## What to work on
Transcribe each line of the material as it is, and drop any picture.

## Information provided

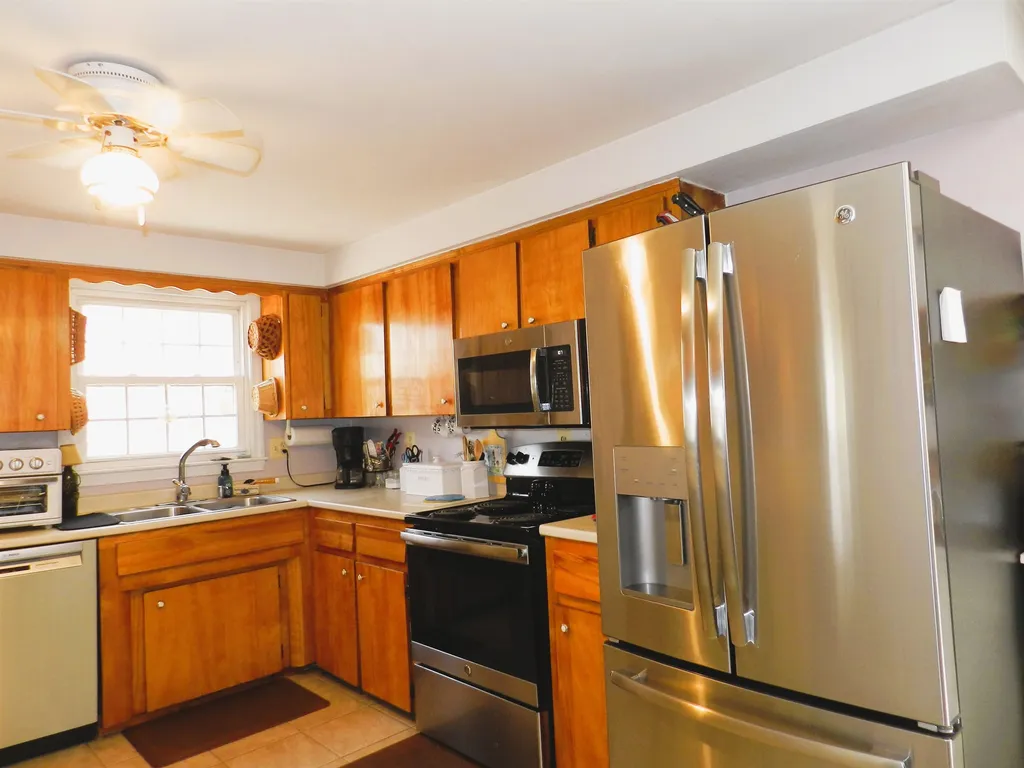 17 Donald Street Hooksett NH 03106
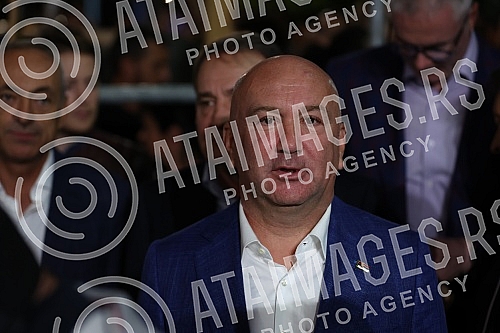 In the organization of the Holy Synod of Bishops of the Serbian Orthodox Church, in front of the Church of Saint Sava, a national prayer for the sanctity of marriage and the family, for harmony and peace in our nation, which was served by Serbian Pat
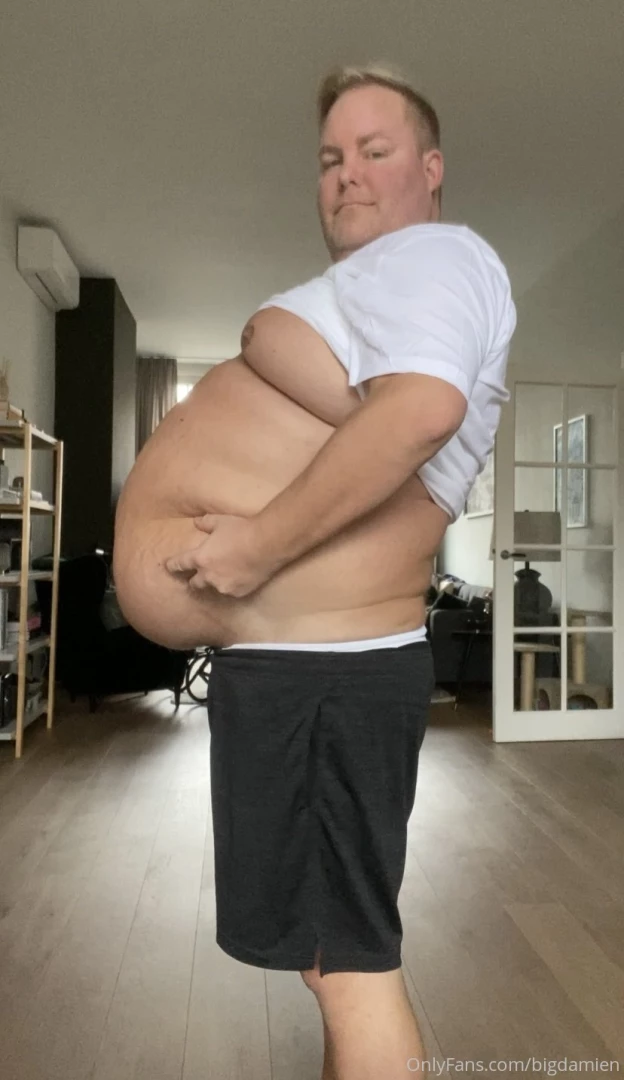 For all of you who like fat guys in tight clothes here i am in my new part 1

## Worked solution
 17 Donald Street Hooksett NH 03106
 In the organization of the Holy Synod of Bishops of the Serbian Orthodox Church, in front of the Church of Saint Sava, a national prayer for the sanctity of marriage and the family, for harmony and peace in our nation, which was served by Serbian Pat
 For all of you who like fat guys in tight clothes here i am in my new part 1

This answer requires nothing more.